EnrichmentΒΆ

Databases can be enriched by encoding various elements. Usually, the database starts off with just words and phones, but by using enrichment options a diverse range of options will become available to the user. Here are some of the options:

  • Encode non-speech elements this allows the user to specify for a given database what should not count as speech

  • Encode utterances After encoding non-speech elements, we can use them to define utterances (segments of speech separated by a .15-.5 second pause)

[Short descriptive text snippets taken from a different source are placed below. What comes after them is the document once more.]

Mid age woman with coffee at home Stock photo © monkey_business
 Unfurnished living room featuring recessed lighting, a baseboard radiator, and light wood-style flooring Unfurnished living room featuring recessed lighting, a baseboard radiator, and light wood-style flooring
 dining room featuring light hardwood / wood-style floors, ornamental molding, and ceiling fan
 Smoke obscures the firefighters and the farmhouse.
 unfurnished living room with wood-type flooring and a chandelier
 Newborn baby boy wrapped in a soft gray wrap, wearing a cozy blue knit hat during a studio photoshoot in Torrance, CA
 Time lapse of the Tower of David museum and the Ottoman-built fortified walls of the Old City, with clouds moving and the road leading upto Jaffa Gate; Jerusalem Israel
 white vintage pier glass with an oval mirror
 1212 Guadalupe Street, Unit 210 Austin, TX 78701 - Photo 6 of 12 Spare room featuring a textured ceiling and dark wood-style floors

  • Encode syllabic segments This allows the user to specify which segments in the corpus are counted as syllabic

  • Encode syllables if the user has encoded syllabic segments, syllables can now be encoded using maximum attested onset

  • Encode hierarchical properties These allow the user to encode such properties as number of syllables in each utterance, or rate of syllables per second

  • Enrich lexicon This allows the user to assign certain properties to specific words using a CSV file. For example the user might want to encode word frequency. This can be done by having words in one column and corresponding frequencies in the other column of a column-delimited text file.

  • Enrich phonological inventory Similarly to lexical enrichment, this allows the user to add certain helpful features to phonological properties – for example, adding ‘fricative’ to ‘manner_of_articulation’ for some phones

  • Enrich speakers Like phonological and lexial enrichment, this allows the user to add speaker metadata from a CSV such as sex and age.

  • Encode subsets Similarly to how syllabic phones were encoded into subsets, the user can encode other phones in the corpus into subsets as well

  • Encode relativized measures This permits the user to encode the following statistics

    • Phone
      • Mean duration
      • Median duration
      • Standard deviation of duration
    • Word
      • Mean duration
      • Median duration
      • Standard deviation of duration
      • Baseline duration - this is the sum of the mean durations of the constituent phones
    • Syllable
      • Mean duration
      • Median duration
      • Standard deviation of duration
    • Speaker
      • Average speech rate
  • Encode stress/tone Certain corpus alphabets will come with stress or tone information embedded in vowel characters. For example, in some CMUdict corpora primary stress on the vowel “AA” is represented by “AA1”. This enrichment function allows the user to specify a regular expression to split this information off of the vowel and encode it onto the syllable. The default expressions are for LibriSpeech (stress) and GlobalPhone (tone)

  • Analyze acousticcs This will encode pitch and formants into the corpus. This is necessary to view the waveforms and spectrogram.